Your instructions - In the entries below, find the line with "zarinamartinna Altpins Profile Picture" and the line with "ジャーナルスタンダード　チノパン"; reproduce those two lines and all lines between them exactly, without pictures.

Record set -
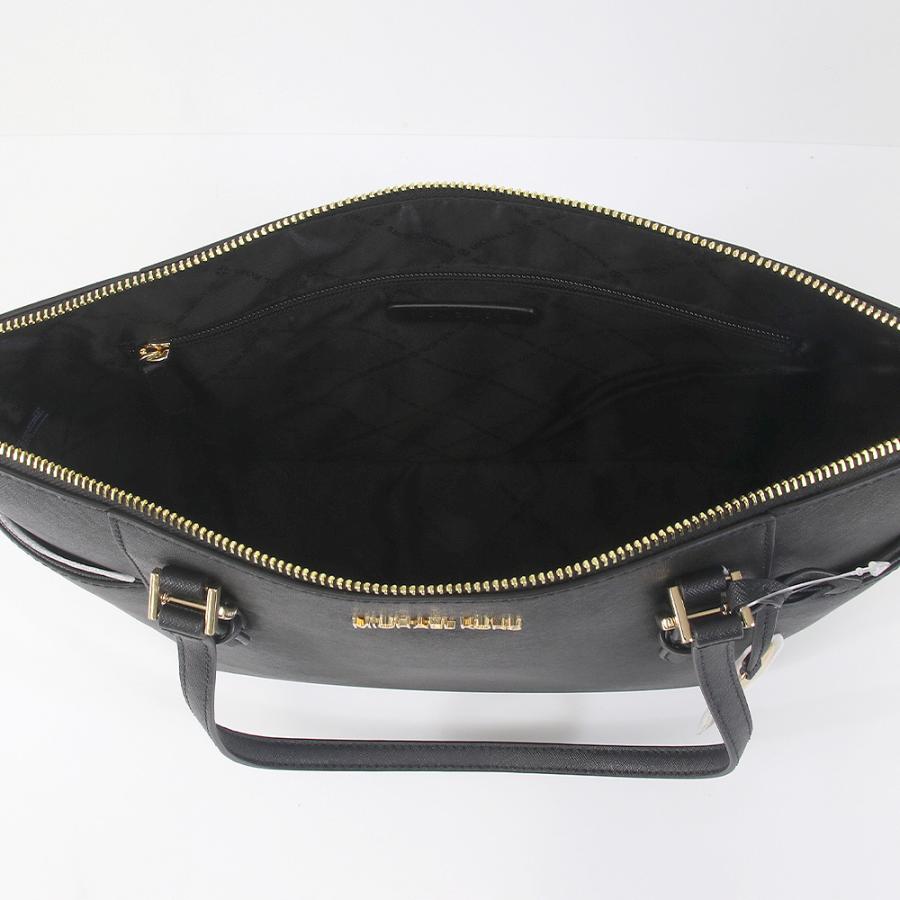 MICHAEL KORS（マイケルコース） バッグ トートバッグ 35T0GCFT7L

==

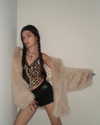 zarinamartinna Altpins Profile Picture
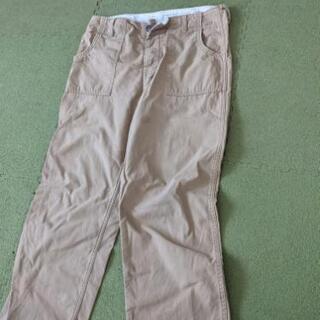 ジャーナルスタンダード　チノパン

Response area -
 zarinamartinna Altpins Profile Picture
 ジャーナルスタンダード　チノパン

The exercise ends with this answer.